In vivo and in vitro distribution of type 5 and fiber-modified oncolytic adenoviruses in human blood compartments.

BACKGROUND: Successful tumor targeting of systemically administered oncolytic adenoviruses may be hindered by interactions with blood components.
MATERIALS AND METHODS: Blood distribution of oncolytic adenoviruses featuring type 5 adenovirus fiber, 5/3 capsid chimerism, or RGD-4C in the fiber knob was investigated in vitro and in patients with refractory solid tumors.

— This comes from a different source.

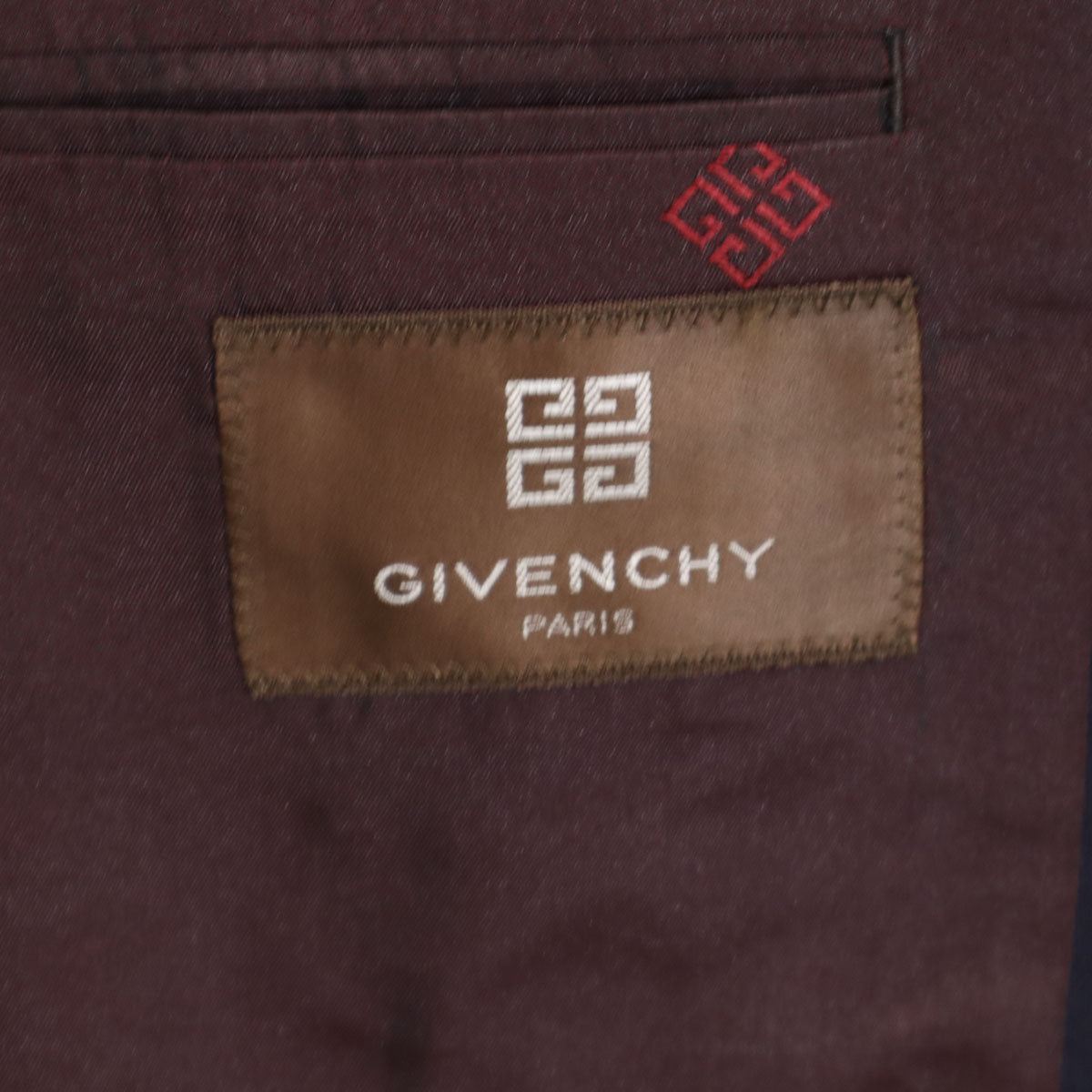 GIVENCHY ジバンシィ 90s オールド テーラードジャケット 100-90-180 ネイビー ブレザー メンズ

RESULTS: Virus titers and prevalence in serum of patients increased over the first post-treatment week, suggesting replication. Detection of low virus loads was more sensitive in blood clots than in serum, although viral levels > 500 viral particles/mL did not differ significantly between both sample types. While adenovirus bound to erythrocytes, platelets, granulocytes, and peripheral blood mononuclear cells in vitro, the virus was mainly detectable in erythrocytes and granulocytes in cancer patients. Taken together with a temporary post-treatment decrease in thrombocyte counts, platelet activation by adenovirus and subsequent clearance seem likely to occur in humans. Fiber modifications had limited observed effect on virus distribution in blood cell compartments. Neutrophils, monocytes and cytotoxic T lymphocytes were the major leukocyte subpopulations interacting with adenoviruses.
CONCLUSION: Serum and blood clots are relevant to estimate oncolytic adenovirus replication. Insight into viral interactions with blood cells may contribute to the development of new strategies for tumor delivery.